> _Your goal_
Set every entry below down once more, exactly as it stands, without images.

> _Given information_
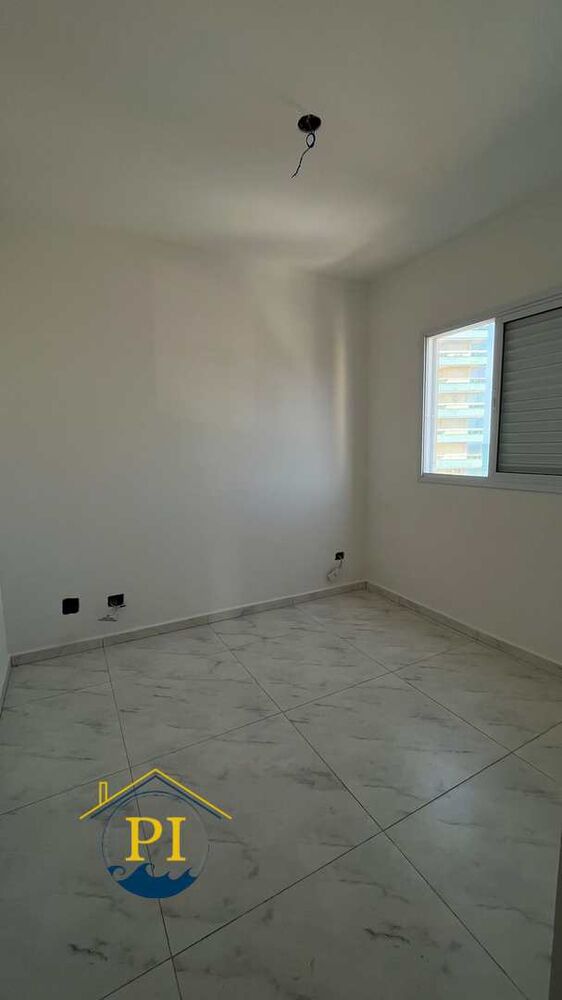 Apartamento, 2 quartos, 65 m² - Foto 6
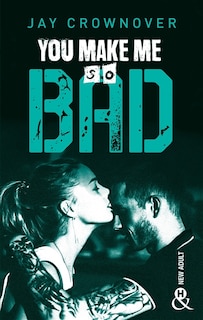 Couverture_You make me so bad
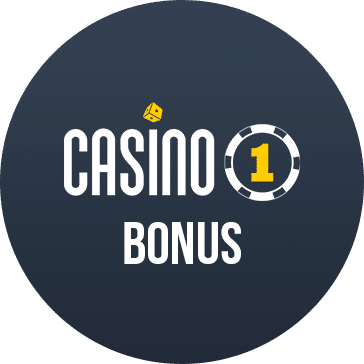 casino1 club bonus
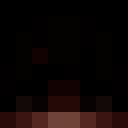 Skin head 888c26557b892410db7e065ff5702771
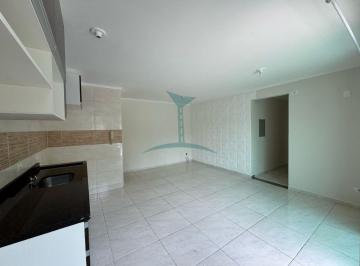 Foto 01 · Apartamento Térreo à Venda Bom Jesus 70m² | 3 Quartos | Suíte | R$ 329.000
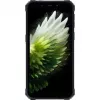 Smartphone Oukitel G3 6 Zoll 4GB 128GB 6300mAh Grün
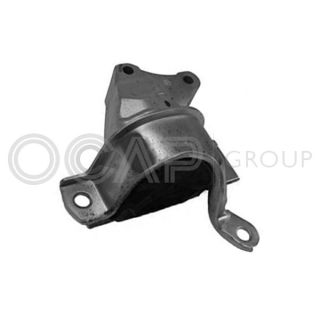 Variklio montavimas OCAP 1225959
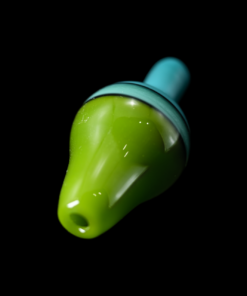 Alternative view of Rone Bubble Cap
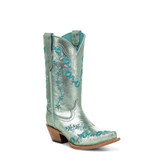 T0274 boot MO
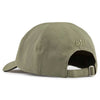 Gill Marine Hat (Sage / 1 Size)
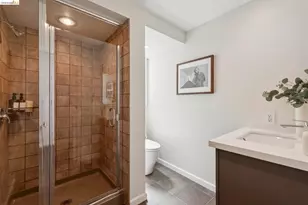 1849 Brentwood Rd, Oakland, CA 94602 - Photo 39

> _Solution to this problem_
 Apartamento, 2 quartos, 65 m² - Foto 6
 Couverture_You make me so bad
 casino1 club bonus
 Skin head 888c26557b892410db7e065ff5702771
 Foto 01 · Apartamento Térreo à Venda Bom Jesus 70m² | 3 Quartos | Suíte | R$ 329.000
 Smartphone Oukitel G3 6 Zoll 4GB 128GB 6300mAh Grün
 Variklio montavimas OCAP 1225959
 Alternative view of Rone Bubble Cap
 T0274 boot MO
 Gill Marine Hat (Sage / 1 Size)
 1849 Brentwood Rd, Oakland, CA 94602 - Photo 39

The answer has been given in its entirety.